The museum is set into one side of the garden and most of it sits among peacefully formal city greenery, with one face pointing out into the red-brick elegance of this part of the city - this half of the building looks exactly as you'd expect a museum in a city largely constructed on the back of the industrial revolution to look: the usual nineteenth century grandeur of columns and cornicing enclose galleries of vaulted ceilings divided by arched doorways. However approaching (as we did today) from within the gardens, you see a quite different side of the museum.

Rising out of the leafy tranquility stands one of the most startling examples of brutal mid twentieth century architecture I've ever seen. Geometric slabs of untreated concrete appear to have collided first with each other and then with the rest of the museum. Among them are oddly placed balconies, peering clusters of narrow windows and, over the entrance, a surging up-turned wave of naked concrete which (like the rest of the structure) has taken on a strangely organic texture with the passing of years and rainwater.

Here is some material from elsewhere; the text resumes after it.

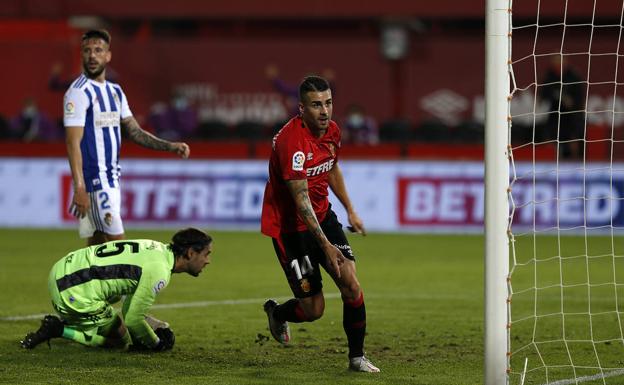 El Mallorca pasa por encima de la Ponferradina en Son Moix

Inside, we walked through airy display spaces and exhibits that knitted the two conflicting halves of the building to a point where it very quickly became impossible to discern which was which. A gallery of interactive light sculptures in fibre-optics and nylon led on through the velvet darkness of a special exhibit of nineteenth century sketches into stately galleries of classical oil on canvas.

At one point we moved from a series of excellent exhibits on the ancient history and pre-history of the province to a small contemporary exhibit on youth culture (in which I found a pair of black DMs identical to my own presented in a glass case identical to the ones housing mesolithic axes and arrow heads only a few galleries away). The display was simple and showed nobody present anything they hadn't already seen in the course of their everyday life, but the effect of re-contextualising the everyday was nonetheless quite affecting.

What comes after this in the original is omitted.